The second angle is that your Perfect Prep machine (and you will end up getting one one, even if you think you have no need for one and that it is simply unnecessary, ugly, plastic clutter in your Bauformat kitchen) deals solely in fluid ounces. The good news, however, is that you don’t really need to worry about it – the number of fluid ounces of water just needs to match the number of scoops of formula and, in turn, that needs to be enough to fill your child. There’s a look-up table on the back of the box. Just think of it as an arbitrary number and you’ll be fine.
Buy moisturiser. Now.
You will be washing your hands:
- Before each bottle;
- After each bottle;
- Before each attempt at solid food;
- After each attempt at solid food;
- After each nappy change;
- After you’ve been to the toilet;
- Before you make breakfast;
- Before you make lunch;
- Before you make dinner.
You will also spend a lot of time at the kitchen sink. Washing your stuff, washing bottles, washing work surfaces. Sterilising bottles, either by steam or chemical bath. Laundry, too, will take its toll – especially as you’ll be applying detergent directly to some bodily stain or other.
Water, soaps, detergents, Dettol wipes, towels. Warm inside, cold outside. Gloves on and off. The dermatological torture test that is the microfibre construction baby wipes and nappies. Your hands will be like a pauper’s emery cloth by the end of day 3 but, like the stupid man you are, you’ll work through the pain, ignore the bleeding knuckles, and only get around to sorting your shit out once you’ve had a bollocking for inadvertently damaging a pair of her 60 deniers while you were putting them away.

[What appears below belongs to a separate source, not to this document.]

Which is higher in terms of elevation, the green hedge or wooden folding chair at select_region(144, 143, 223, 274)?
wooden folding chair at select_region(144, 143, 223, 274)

Buy some properly comfortable and supportive trainers. Now.
Martin and I were talking about pushchairs the other day. He reckoned his had done well over a thousand miles in the year he’d had it and that it could use a bit of a tune up. Based on those numbers, and what my own Google Fit says, expect to walk anywhere between three and seven miles on a typical day. Opportunistic visits to the park, trips to the shops, attending medical appointments, trying to get your child to nap after all in-home methods have failed, coffee, activities, etc. And sometimes it’s nice to just get out of the house because it smells of poo and despair.
Unfortunately all the walking you do won’t have a beneficial impact on your waistline; those bottles of red that got you through the first six months aren’t going anywhere. The reason is simple: you’ll be eating your own weight in snacks every day. Having a coffee in somewhere? You’ll have tried everything on the cake shelf by the end of week four. A particularly vigorous session at the Toy Library taken it out of you? Percy Ingle sausage roll. An insensitively-timed nap caused you to miss lunch and now it’s getting quite close to dinner? Bag of chips from The Fishy Fryer.
The patriarchy sucks.
Helpful reminders of your general position of privilege will mostly come in the form of having to awkwardly stand outside women’s toilets in pubs, church halls and cafes. You will be waiting to ask anyone exiting the aforementioned lavatories whether it is ‘safe’ for you to go in. A surprising number of places, even those that purport to be family friendly, think only women change babies’ nappies and are equipped accordingly.
You will also be looked at oddly in the parent and baby rooms in shopping centres and your child’s nursery will be surprised to learn it is you, the father, that will be doing the settling in and that the mother has already gone back to work.
Just a little taster of the kind of shit the other half of the population have to put up with every day.